Adel criticised Qatar for expressing reservations over the Egyptian air strikes in Libya and accused Doha of supporting terrorism and deviating from the Arab consensus, Reuters reported, citing local media.
Doha also expressed reservations at the Arab League meeting over Egypt's unilateral decision to carry out the air raids without consulting other Arab states.
Egypt launched air strikes on Tuesday in Libya, targeting militant camps and storage sites after the Islamic State (Isis) released a video of the execution of 21 Coptic Christians.
Saudi Arabia, the United Arab Emirates and Bahrain withdrew their ambassadors from Doha last year over its perceived support for Islamists.
Libya seeks end to arms ban
Meanwhile, Libya and Egypt have both asked the United Nations Security Council to end the arms embargo on Libya, and aid the country's army in their fight against Islamic State and other local militants.

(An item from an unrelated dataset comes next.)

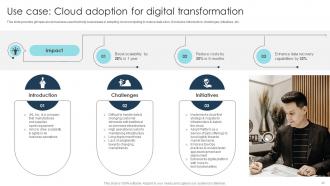 Digital Transformation Strategies To Integrate Latest Technologies In Business DT CD Visual Designed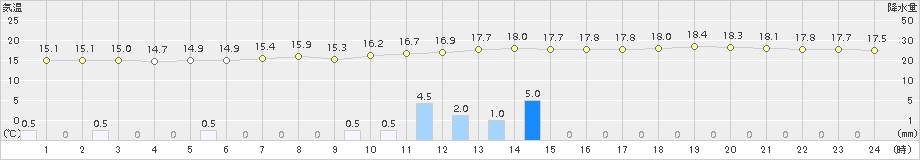 遠軽(>2018年08月25日)のアメダスグラフ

Libya's Foreign Minister Mohammed al-Dairi told the UN Security Council in New York that the UN "shouldered a legal responsibility" to help in the rebuilding of Libya's army.
Libya's three main cities of Tripoli, Benghazi and Misrata are largely controlled by militias opposed to the UN-backed government based in the city of Tobruk.
Egyptian Foreign Minister Sameh Shoukry backed Libya's call for the embargo to be lifted, saying that the international community had a "responsibility to help Libya face its crisis".
He also sought a naval blockade to be enforced in areas not under government control to stop weapons reaching militants.
Both countries were clear in stating that they were not seeking foreign military intervention in Libya, but only help the army fight its enemies.
The UN had imposed an arms embargo on Libya in 2011 to protect civilians from long-time leader Muammar Gaddafi and his armed forces.
The Libyan government is already allowed to import weapons and related items with the approval of a Security Council committee overseeing the embargo.
Factional fighting has left Libya in a shambles for almost four years after the fall of Muammar Gaddafi. Two competing governments backed by militia brigades are scrambling for control of the oil-producing country and the chaos has created havens for Islamist militants.
The UN is mediating between the rival factions to get them to forge a unity government and end hostilities.
The Security Council met to discuss Libya after Islamic State released a video showing the beheading of 21 Egyptian Christians.
The Arab league meeting saw most of its members agree to seek an end to the arms embargo on Libya.
The Security Council committee has been asking Libya to improve monitoring of its weapons suspected of being diverted to militant groups.
UN special envoy to Libya, Bernardino Leon, said that Islamic State and other militants can only be defeated with a united Libyan government in place that has strong international support.